The Rip Van Winkle was illustrated by the block of wood, which was intended to be fashioned into a mouldboard for a furrowing plow, in utter oblivion of the steel mouldboards which freedom puts into the hands of her toiling sons, to polish in the soil that sustains them. The Munchausen shone in every word, lightened through every sentence, and gradually reached the climax of a series of the most outrageous lies to which I ever listened. We accompanied him to his cabin, where we found his family of eight tow-heads. We obtained directions to the next house, up another steep hill, and left him alone in al his glory. The quest of eggs takes time, the quest of information takes more, and ere we reached the pickets the shades of night were around us. The stars were out, and so was the countersign, but the sentinel was indulgent. Occasionally there is a fool on duty, but not often, and we got safely through the lines.

It is thus we vary the monotony of camp life, and between a trip outside the lines and an occasional visit to the city, we manage to kill time more pleasantly then heretofore. Since our encampment here we have one desirable advantage, i.e. the opportunity to visit the synagogue on Shabbos and holydays. Last "Shevuous" the two synagogues here were well attended and among the worshippers I noticed several blue coats. In the person of the חזן [Cantor] of the Main Street Congregation, I recognized the Rev. Mr. Ritterman, formerly of the Greene St. Synagogue, of your city [New York].

Memphis at present is the metropolis of the Southwest. Traders have flocked here from New York, St. Louis, Louisville, and Cincinnati. And at all hours of the day, the streets present a busy appearance. Trade is somewhat restricted, at present, with the people outside of the lines; but in a short time the restrictions are likely to be removed. Gen. Hurlburt [sic. Hurlbut], in command here, has ordered all residents of the city to take the oath of allegiance to the United States before the 16th inst. As many seem disposed to resist the order, lively times are anticipated here about that date.

Next Saturday the anniversary of the capture of Memphis—of the occupation of this city by the Federal army, there is to be a grand celebration. The Union citizens, and military authorities, are quite active in the matter, so an imposing celebration is expected. The Jewish population here is considerably larger than I anticipated; it is estimated that there are at least a thousand of our co-religionists here at present; they manage to support two synagogues, three charitable societies, two clubs, besides a literary society, &c.

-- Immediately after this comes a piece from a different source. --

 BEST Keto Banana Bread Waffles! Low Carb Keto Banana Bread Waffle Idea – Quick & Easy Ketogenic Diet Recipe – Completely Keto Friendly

One noticeable feature of the effect of the war on a southern community is the large majority of women over men, who are seen on the promenade, in church [synagogue], or in society. I have no doubt but that there are five of the gentler sex in Memphis to each male, and what makes this fact more apparent is, that at least one-third are in mourning—probably for lost relatives in this war. (?) How sad a reflection! How serious a one for those ambitions and fanatical spirits, whose impious hands first applied the torch, which has ended in such a general conflagration!

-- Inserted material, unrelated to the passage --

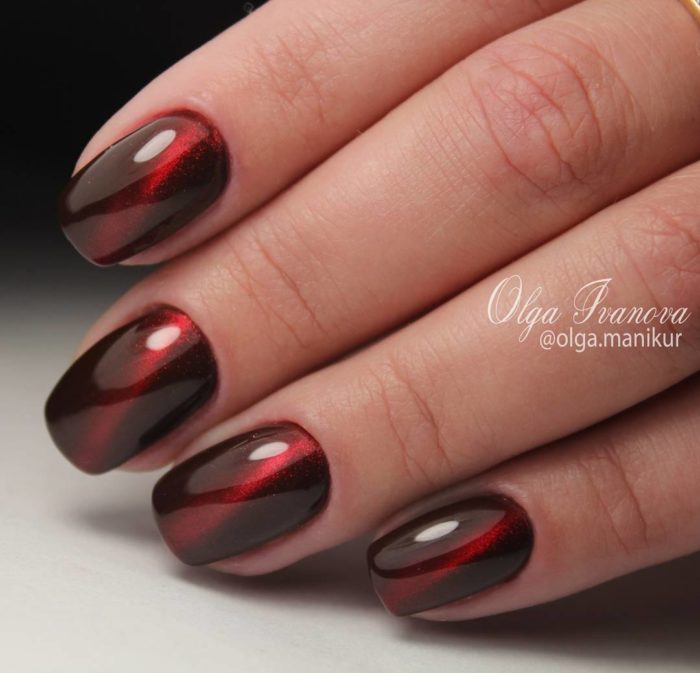 дизайн ногтей красный с черным омбре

As I write there is a grand sight in the front of our camp. Far and wide, on a distant hill, the woods, are on fire. We can hear the rush of the flames, the crackling of the limbs; sounding strangely in the night air, when commingled with the clatter of the fire bell of the city. The burning trees show in the front, as the lamps of the city do in our rear. One tall, dead poplar tree, in particular, towers aloft like a pillar of fire, and the ruddy glow illuminates our camp, as well as it can, with a full bright moon shining over us. By its light, I will close. Good night.